(Beginning of Source information)

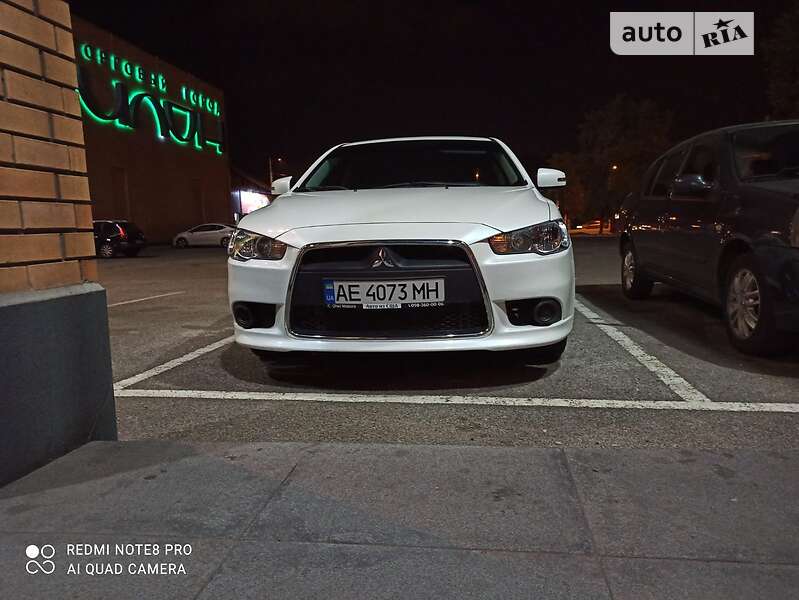 Седан Mitsubishi Lancer 2016 в Дніпрі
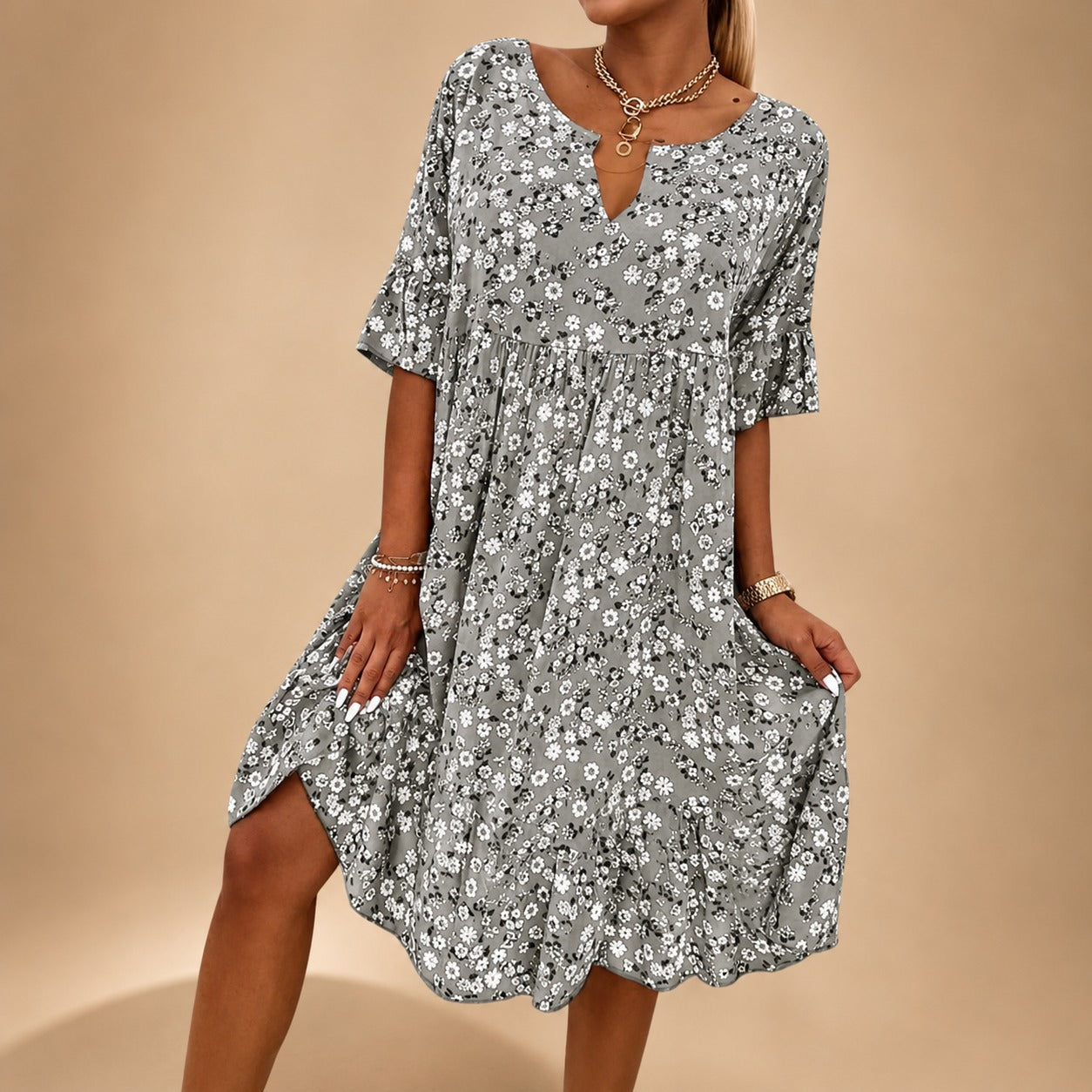 Lilian - Elegantes Blumiges Fließendes Kleid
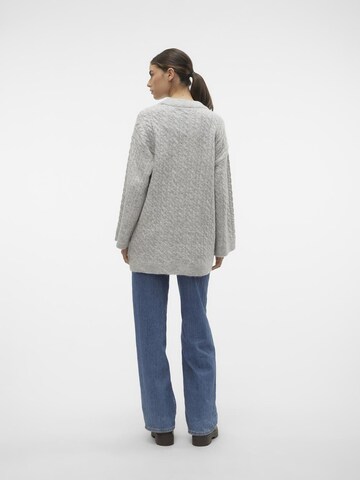 VERO MODA - Pullover 'HEIDI' em cinzento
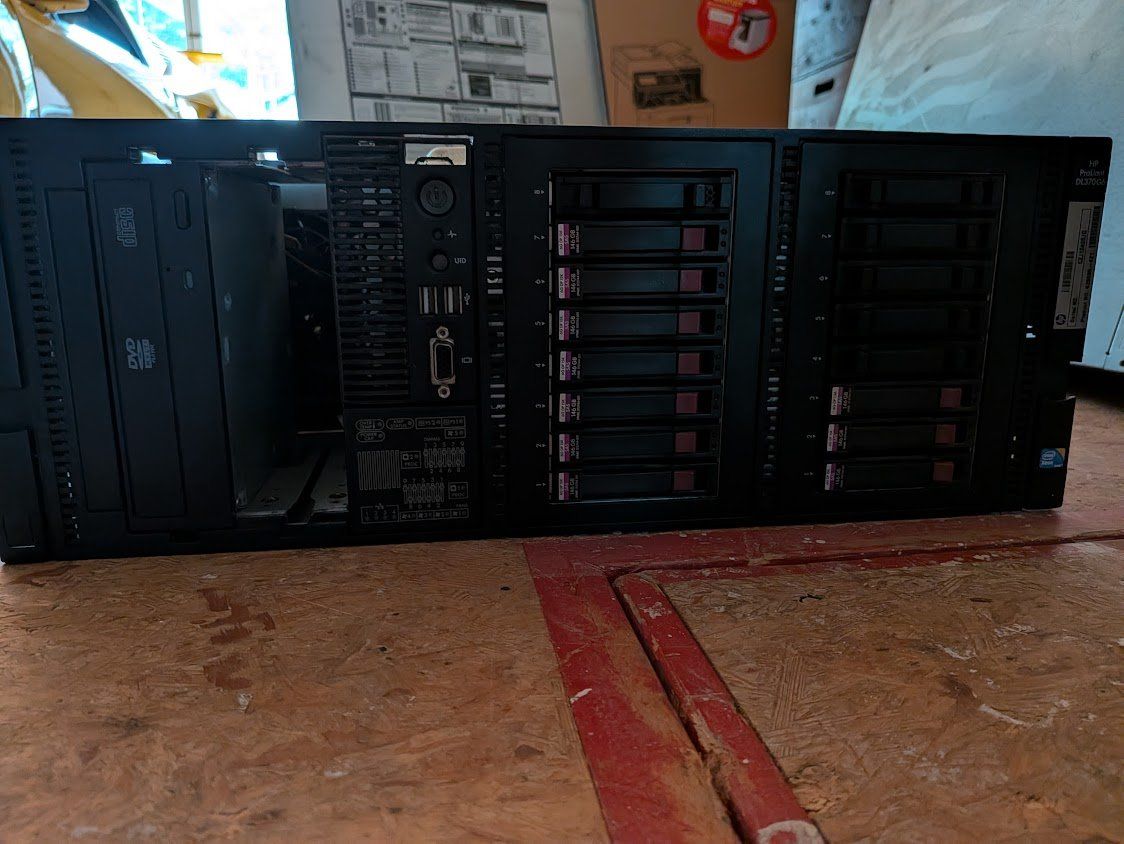 Hewlett Packard Server: HP Proliant DL370 G6 Server – Usato da Bottmingen venduto da CH.illig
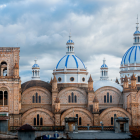 Cuenca es una de las ciudades favoritas por los turistas para descansar durante los feriados.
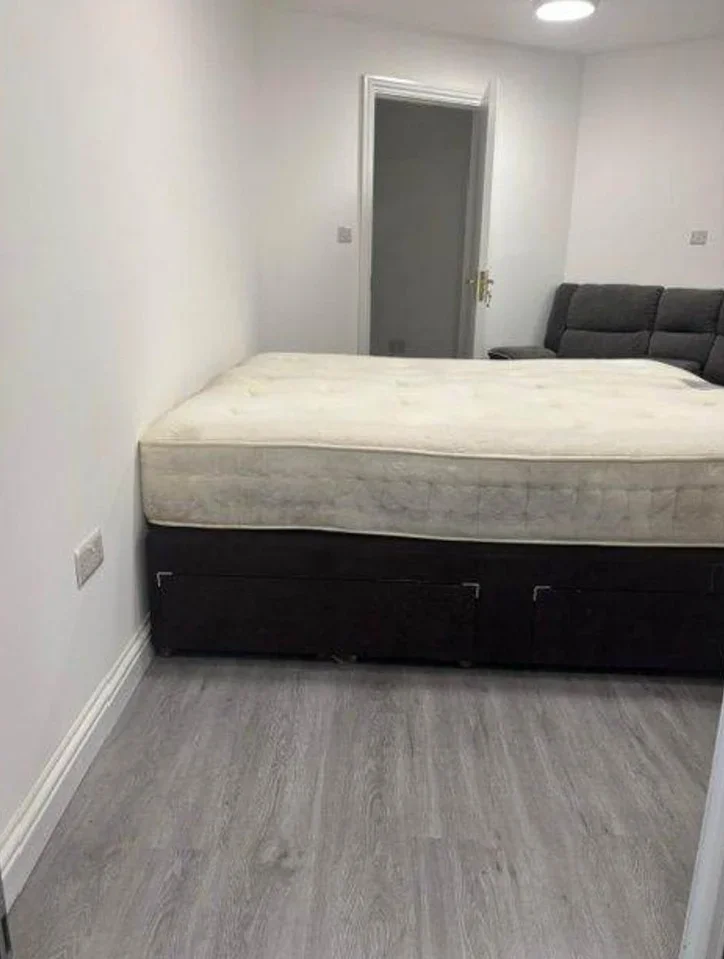 Flat Hanworth Road in Greater London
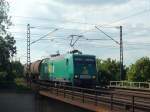 145-CL 003 von  Rail4Chem  mit Kesselwagenzug zwischen dem Abzw.Kostheim und Mainz-Bischofsheim. 03.06.09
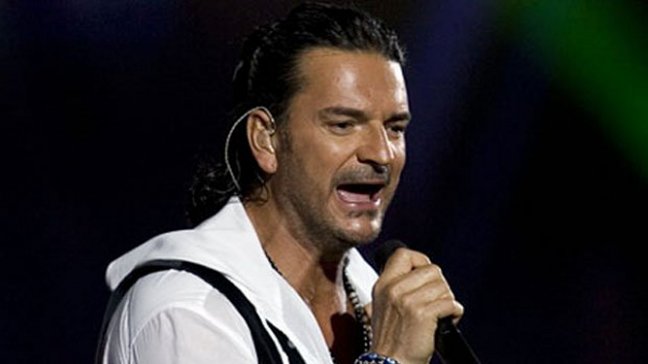 Ricardo Arjona creó red social para sus fanáticas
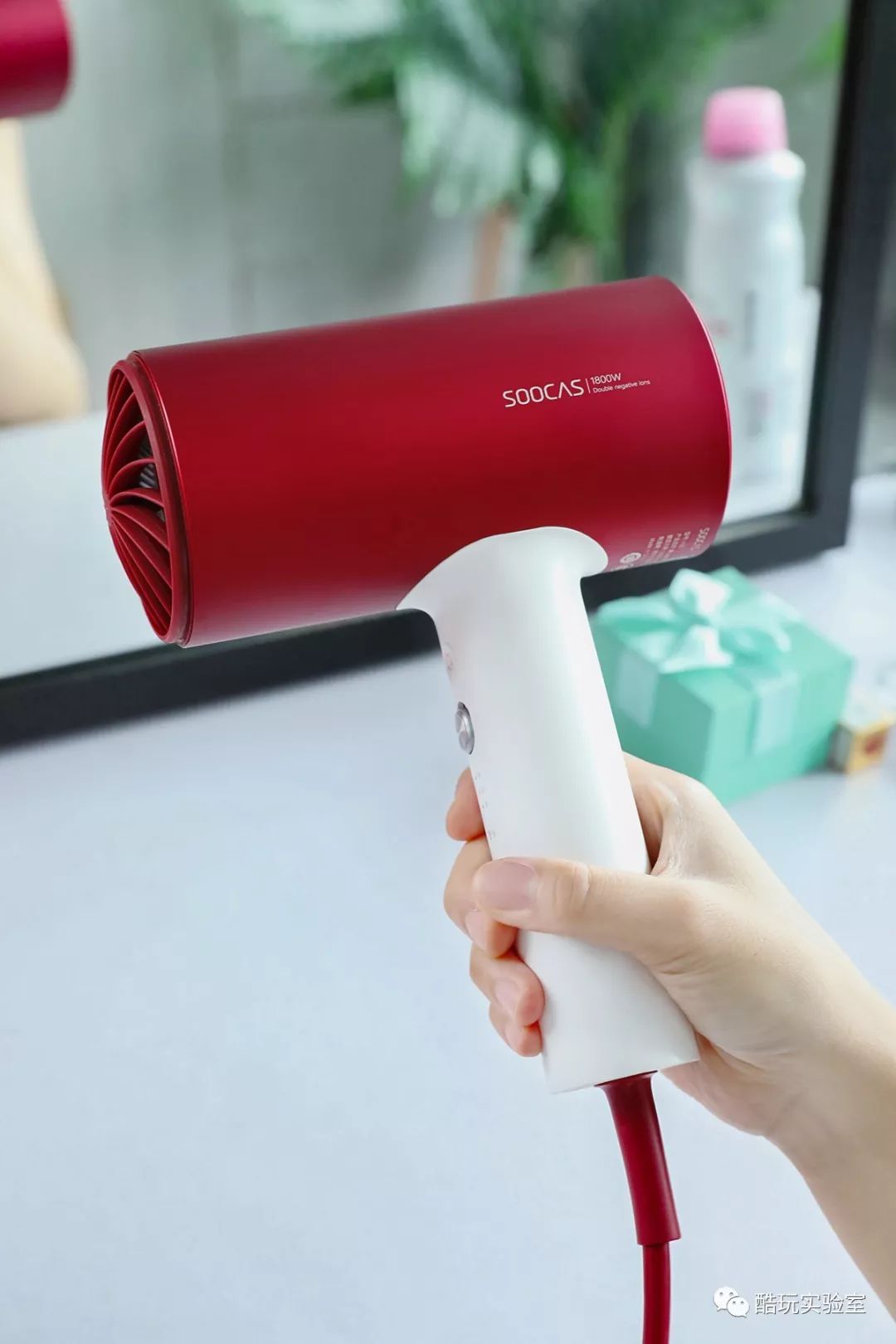 国货彩妆开挂了,国货彩妆新开挂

(End of Source information)

- **Work request**
Your answer is an exact copy of the records above, stripped of pictures.

- **Reply**
 Седан Mitsubishi Lancer 2016 в Дніпрі
 Lilian - Elegantes Blumiges Fließendes Kleid
 VERO MODA - Pullover 'HEIDI' em cinzento
 Hewlett Packard Server: HP Proliant DL370 G6 Server – Usato da Bottmingen venduto da CH.illig
 Cuenca es una de las ciudades favoritas por los turistas para descansar durante los feriados.
 Flat Hanworth Road in Greater London
 145-CL 003 von  Rail4Chem  mit Kesselwagenzug zwischen dem Abzw.Kostheim und Mainz-Bischofsheim. 03.06.09
 Ricardo Arjona creó red social para sus fanáticas
 国货彩妆开挂了,国货彩妆新开挂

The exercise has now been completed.